What you return must match the entries exactly, except that the pictures are gone.

------------------------------------------------------------

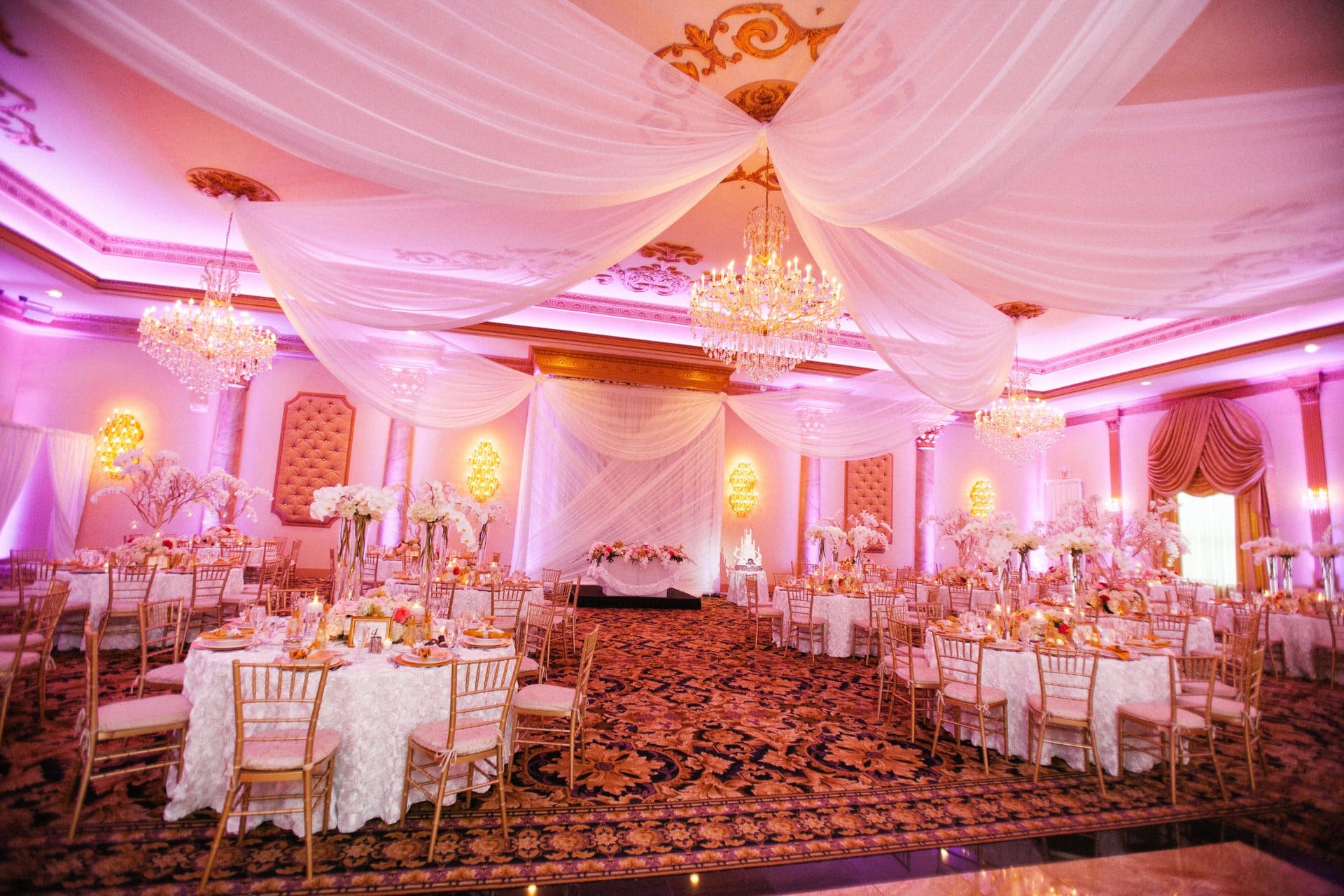 Lucien's Manor ballroom with the ceiling swagged in white fabric above the dance floor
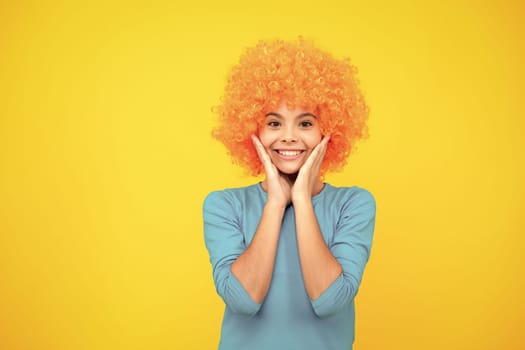 Birthday kids party. Funny kid in curly clown wig isolated on yellow background. Happy teenager portrait. Smiling girl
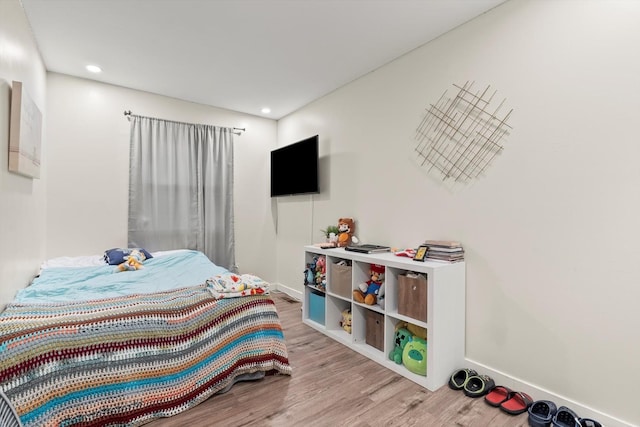 bedroom with light wood-type flooring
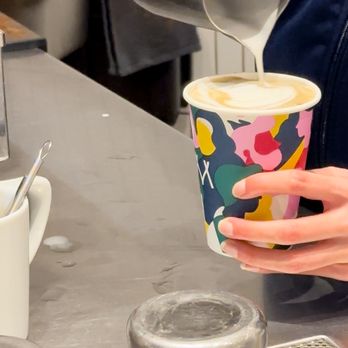 Matchstick Café - a person pouring coffee into a cup - Coffee & Tea Near Me - Vancouver, British Columbia Matchstick Café - a person pouring coffee into a cup - Coffee & Tea Near Me - Vancouver, British Columbia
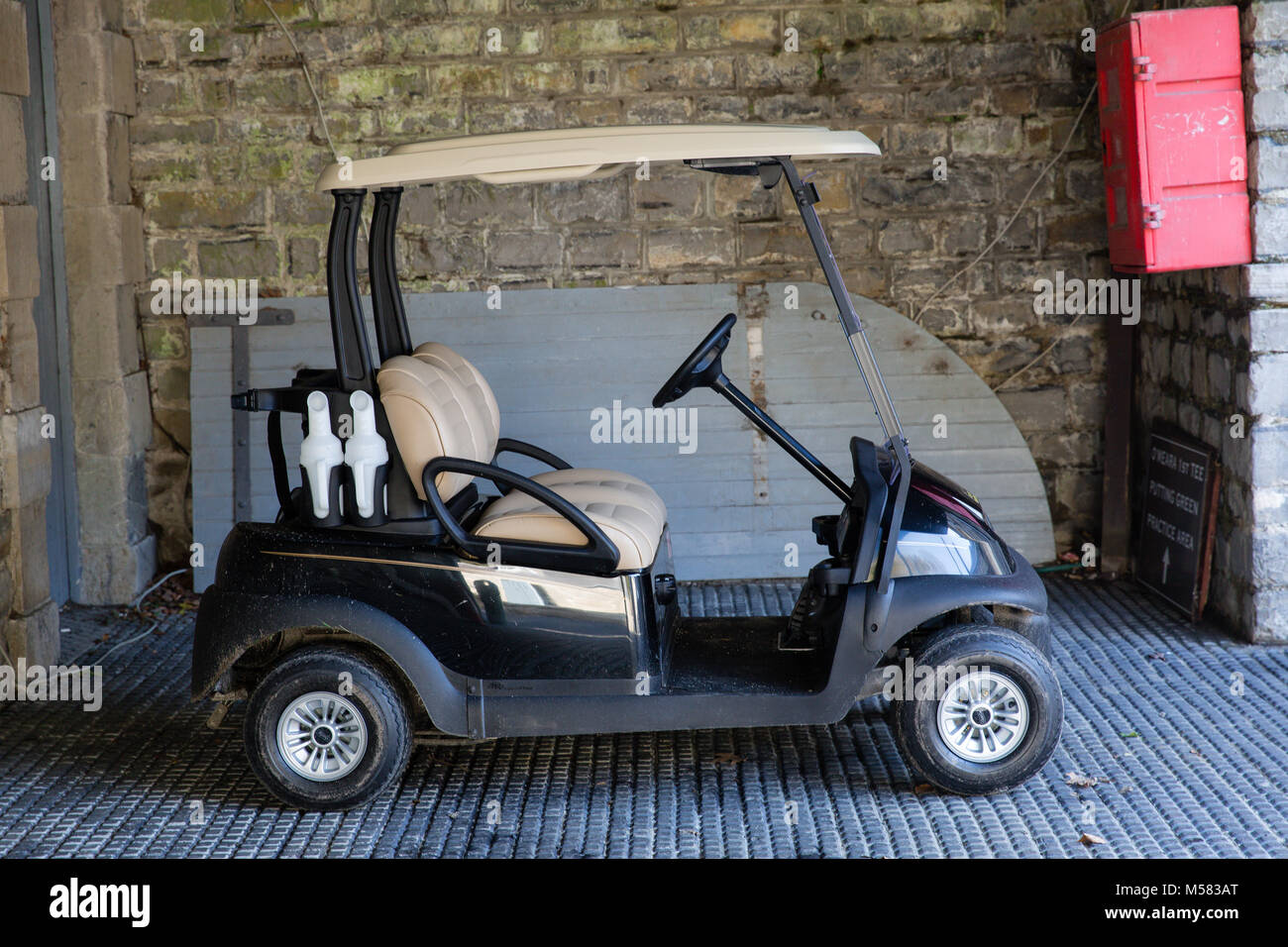 Parcheggiato nero golf elettrico carrello utilizzato per spostare intorno al campo da golf e trasportare attrezzature da golf Foto Stock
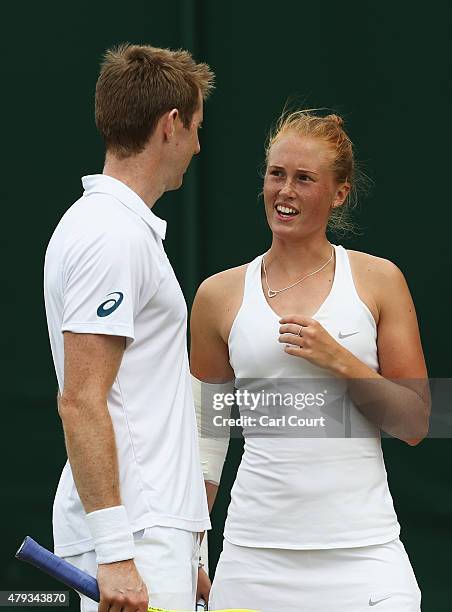 Jonathan Marray of Great Britain and Anna Smith of Great Britain talk tactics in their Mixed Doubles First Round match against Artem Sitak of New...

------------------------------------------------------------

Exercise result
 Lucien's Manor ballroom with the ceiling swagged in white fabric above the dance floor
 Birthday kids party. Funny kid in curly clown wig isolated on yellow background. Happy teenager portrait. Smiling girl
 bedroom with light wood-type flooring
 Matchstick Café - a person pouring coffee into a cup - Coffee & Tea Near Me - Vancouver, British Columbia Matchstick Café - a person pouring coffee into a cup - Coffee & Tea Near Me - Vancouver, British Columbia
 Parcheggiato nero golf elettrico carrello utilizzato per spostare intorno al campo da golf e trasportare attrezzature da golf Foto Stock
 Jonathan Marray of Great Britain and Anna Smith of Great Britain talk tactics in their Mixed Doubles First Round match against Artem Sitak of New...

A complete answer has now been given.